MESSAGE OF HIS HOLINESS
FOR THE EIGHTEENTH WORLD DAY OF THE SICK
Dear Brothers and Sisters,
The 18th World Day of the Sick will be celebrated in the Vatican Basilica next 11 February, the liturgical Memorial of Our Lady of
Lourdes…With the annual World Day of the Sick, the Church intends to carry out a far-reaching operation, raising the ecclesial community's awareness to the importance of pastoral service in the vast world of health care. This service is an integral part of the Church's role since it is engraved in Christ's saving mission itself.
In the mystery of his Passion, death and Resurrection, human suffering takes on meaning and the fullness of light. In his Apostolic Letter Salvifici doloris, the Servant of God John Paul II offers enlightening words in this regard. "Human suffering, has reached its culmination in the Passion of Christ", he wrote. "And at the same time it has entered into a completely new dimension and a new order: it has been linked to love... to that love which creates good, also drawing it out from evil by means of suffering, just as the supreme good of the Redemption of the world was drawn from the Cross of Christ, and from that Cross constantly takes its beginning. The Cross of Christ has become a source from which flow rivers of living water" (n. 18).
At the Last Supper, before returning to the Father, the Lord Jesus knelt to wash the Apostles' feet, anticipating the supreme act of love on the Cross. With this act he invited his disciples to enter into the same logic of love that is given especially to the lowliest and to the needy (cf. Jn 13: 12-17). Following his example, every Christian is called to relive, in different and ever new contexts, the Parable of the Good Samaritan …At the end of the parable, Jesus said: "Go and do likewise" (Lk 10: 37).
With these words he is also addressing us. Jesus exhorts us to bend over the physical and mental wounds of so many of our brothers and sisters whom we meet on the highways of the world. He helps us to understand that with God's grace, accepted and lived out in our daily life, the experience of sickness and suffering can become a school of hope. In truth, as I said in the Encyclical Spe salvi, "It is not by sidestepping or fleeing from suffering that we are healed, but rather by our capacity for accepting it, maturing through it and finding meaning through union with Christ, who suffered with infinite love" (n. 37).
The Second Ecumenical Vatican Council had already recalled the Church's important task of caring for human suffering. In the Dogmatic Constitution Lumen gentium we read that "Christ was sent by the Father "to bring good news to the poor... to heal the contrite of heart' (Lk 4: 18), "to seek and to save what was lost' (Lk 19: 10).... Similarly, the Church encompasses with her love all those who are afflicted by human misery and she recognizes in those who are poor and who suffer, the image of her poor and suffering Founder. She does all in her power to relieve their need and in them she strives to serve Christ" (n. 8)…
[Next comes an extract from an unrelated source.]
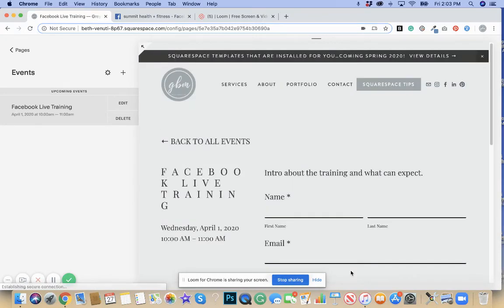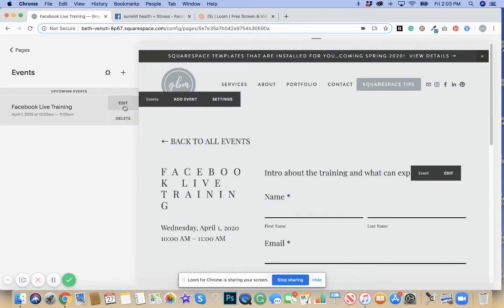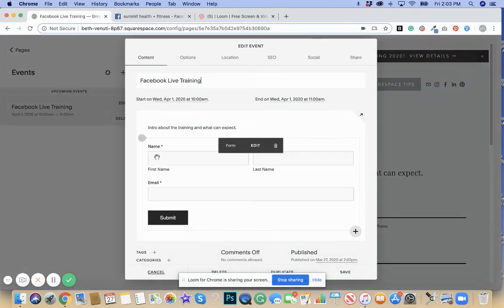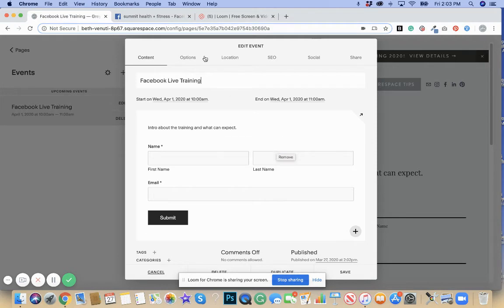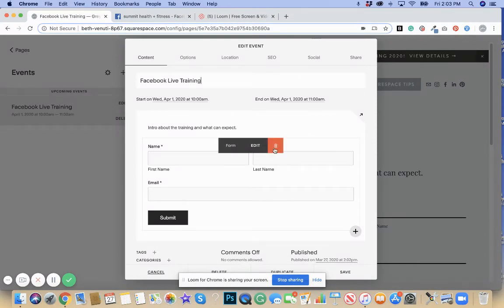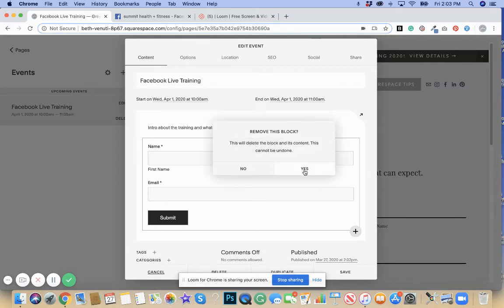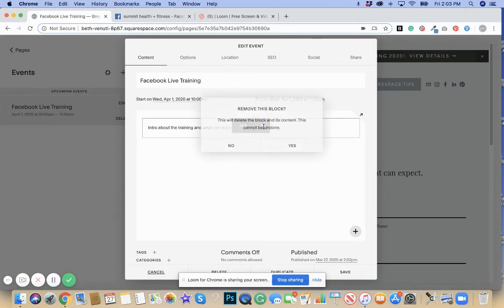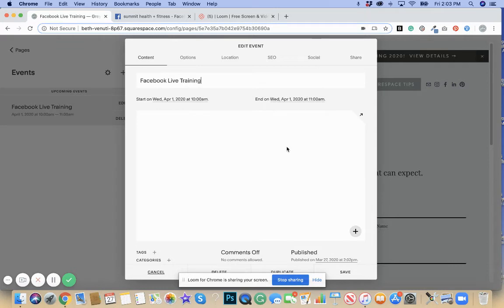Let's assume that the event happened and now you want to add the training. The training has already happened. You have the Facebook live video accessible. So you don't need the form anymore and you don't need the text box anymore.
I would like here to take up the Message to the Poor, the Sick, and the Suffering which the Council Fathers addressed to the world at the end of the Second Ecumenical Vatican Council: "All of you who feel heavily the weight of the Cross" they said, "you who weep... you the unknown victims of suffering, take courage. You are the preferred children of the
God, the Kingdom of hope, happiness, and life. You are the brothers of the suffering Christ, and with him, if you wish, you are saving the world" (The Documents of Vatican II, Walter M. Abbott, sj)…
Lastly, I address you, dear sick people and I ask you to pray and to offer your suffering up for priests, so that they may continue to be faithful to their vocation and that their ministry may be rich in spiritual fruits for the benefit of the whole Church.
With these sentiments, I implore, for the sick, as well as for all who nurse them, the maternal protection of Mary Salus Infirmorum, and I wholeheartedly impart the Apostolic Blessing to all.